The Virginian-Pilot
                             THE VIRGINIAN-PILOT 
              Copyright (c) 1994, Landmark Communications, Inc.

DATE: Friday, October 14, 1994               TAG: 9410140585
SECTION: FRONT                    PAGE: A18  EDITION: FINAL 
SOURCE: BY DALE EISMAN, STAFF WRITER 
                                             LENGTH: Short :   38 lines

CANDIDATES' SERVICE INCLUDES VIETNAM STINTS

All three candidates in the Virginia U.S. Senate race are ex-Marines whose service included stints in combat in Vietnam.

Incumbent Charles S. Robb and Republican nominee Oliver L. North each had an extended and high-profile military career, including duty at the White House.

Independent candidate J. Marshall Coleman dropped out of the University of Virginia law school to enlist.
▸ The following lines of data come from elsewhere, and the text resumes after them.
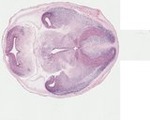 EMAGE:23330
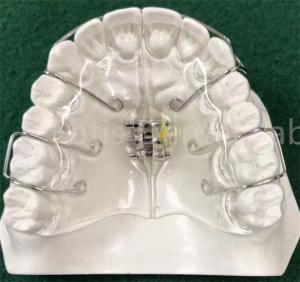 Quality State-Of-The-Art Orthodontics Appliance Expanding Retainer Customizable wholesale
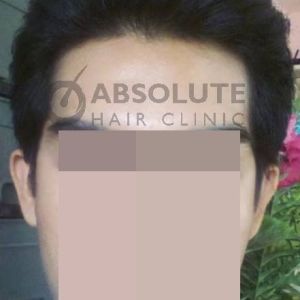 Cấy 1167 nang tóc trị hói chữ M - case 36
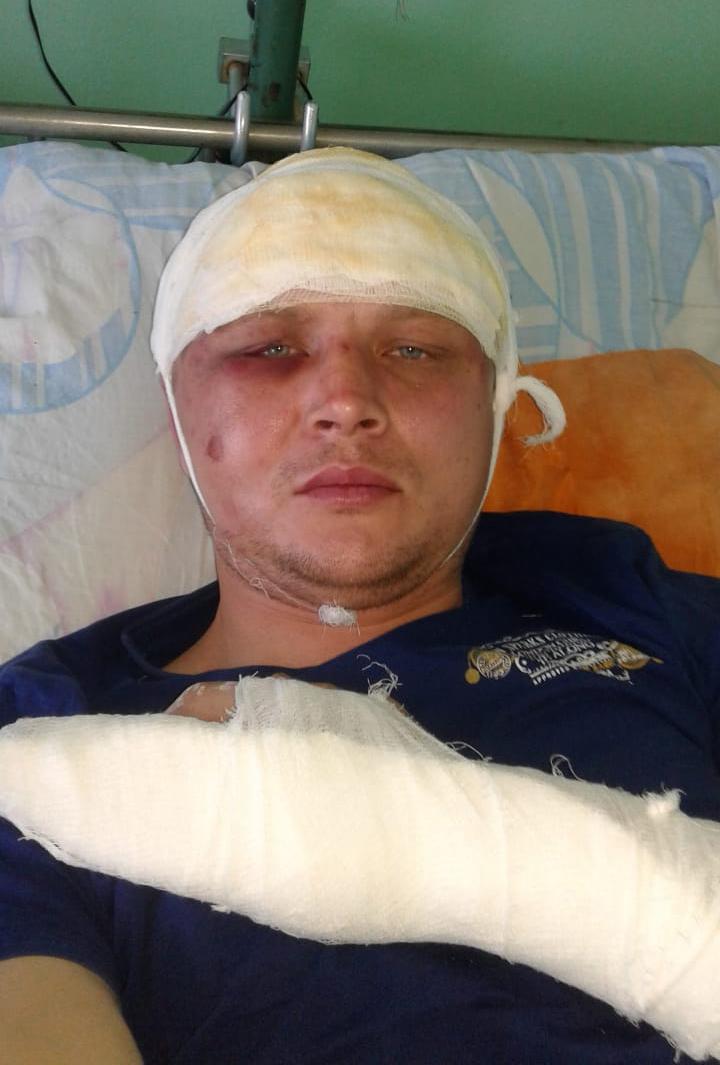 Trade union leader, Dmitry Senyavskii, in hospital, November 11, the day after unidentified assailants viciously attacked him in his garage.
He commanded troops as a lieutenant in Vietnam but returned to law school after completing his military obligation and says now he never intended to pursue a service career.
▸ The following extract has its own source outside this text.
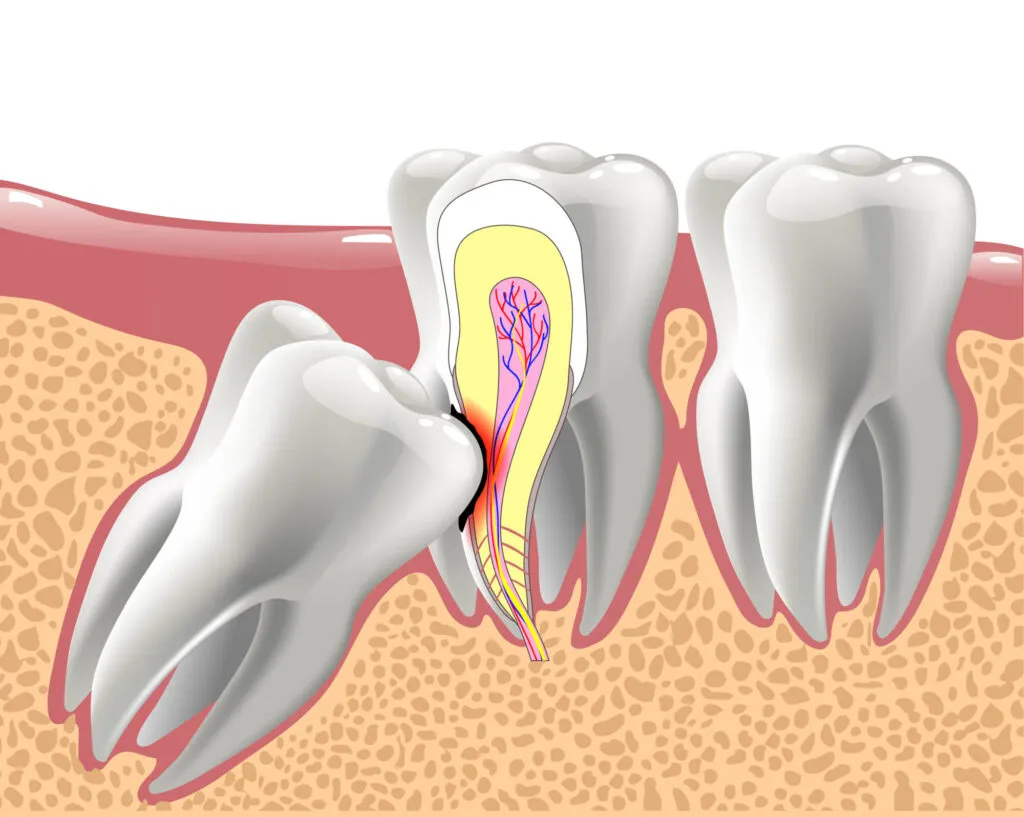 Impaction   image 1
Robb got into the corps through the Marine ROTC at the University of Wisconsin, his alma mater. He was a major when he left active duty in 1970 and retired from the Marine reserve as a lieutenant colonel in 1991. While serving as part of the Marine honor guard in the White House in the mid-1960s, he courted and then married Lynda Bird Johnson, daughter of then-President Lyndon Johnson.

North began his military career at the Naval Academy. He did two tours of duty in Southeast Asia during the Vietnam War and worked his way up the ranks in a variety of jobs after the war. As a lieutenant colonel, North was assigned to the White House as an aide to the National Security Council during the Reagan administration. But in 1986, he was forced from the job over his role in engineering arms sales to Iran and funneling the profits to anti-communist rebels in Nicaragua. He retired from the Marines in 1988.